An Australian scholar says he has uncovered evidence that African-American soldiers staged a mutiny to protest racial abuse while stationed in Australia during World War II.
Ray Holyoak, a historian at Australia's James Cook University, says 600 black soldiers were deployed to the northern state of Queensland in 1942 to help build an airfield outside the city of Townsville.
After being subjected to “serial abuse” by two white officers, Holyoak says some of the soldiers took machine guns and anti-aircraft weapons and fired into tents where the officers were drinking.
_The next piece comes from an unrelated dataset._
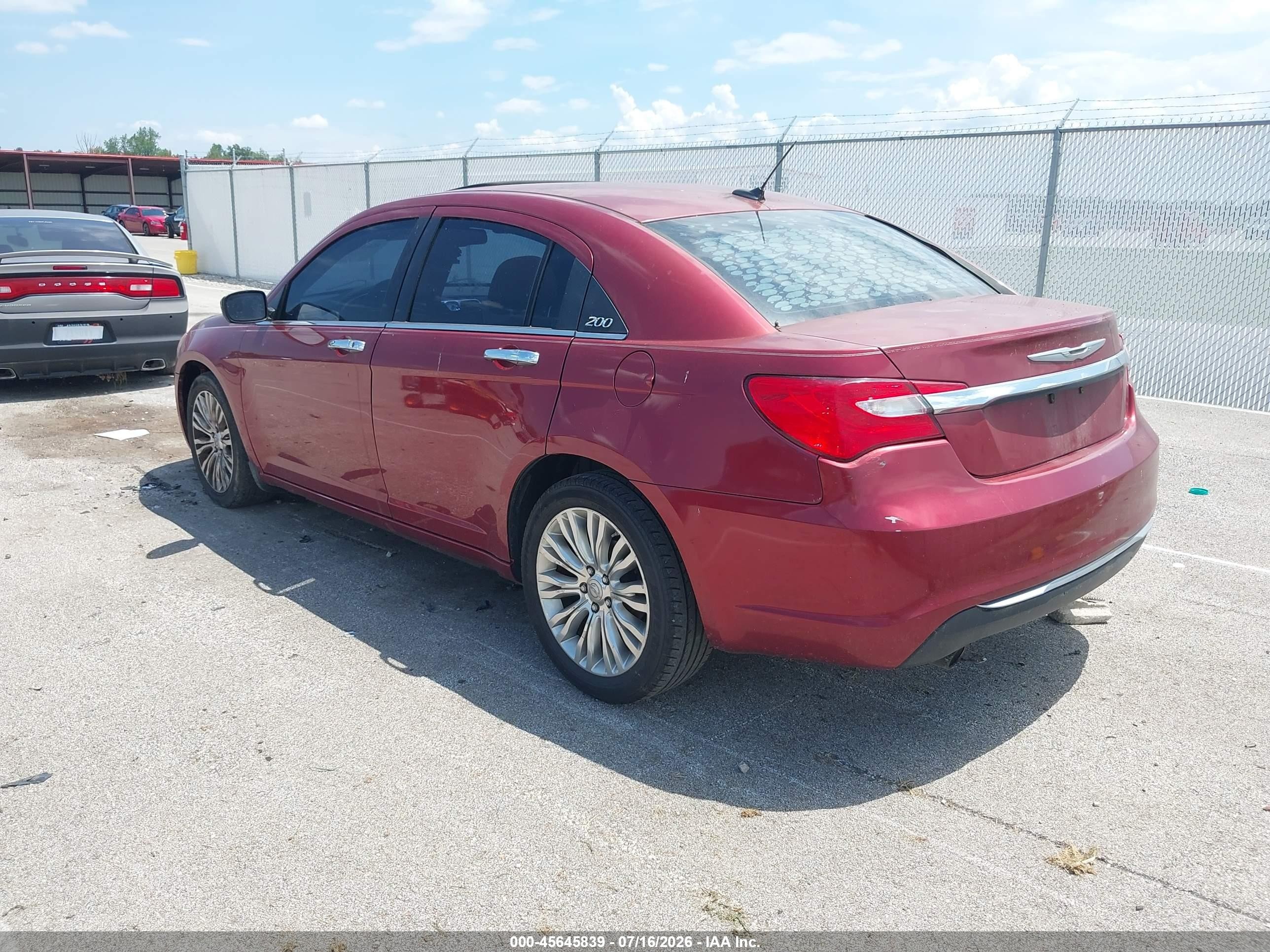 2012 Chrysler 200 Limited Красный vin: 1C3CCBCG8CN146084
At least one person was killed and scores of others severely injured in the siege, which lasted for eight hours.
Australian troops were called in to help put down the mutiny.
Queensland was a significant support base for soldiers serving in the southwest Pacific campaign between 1942 and 1945 — hosting airfields, camps, factories and housing medical facilities.
Holyoak says rumors of the mutiny have persisted in Townsville for 70 years. He says he uncovered the evidence when he began researching why then-U.S. Congressman Lyndon B. Johnson visited Townsville for three days in 1942. He says the future president received a report written by an American journalist embedded with the troops.
The report was never published in the news media at the time.
Holyoak says he is now focusing his research into sentences handed down to those involved in the mutiny.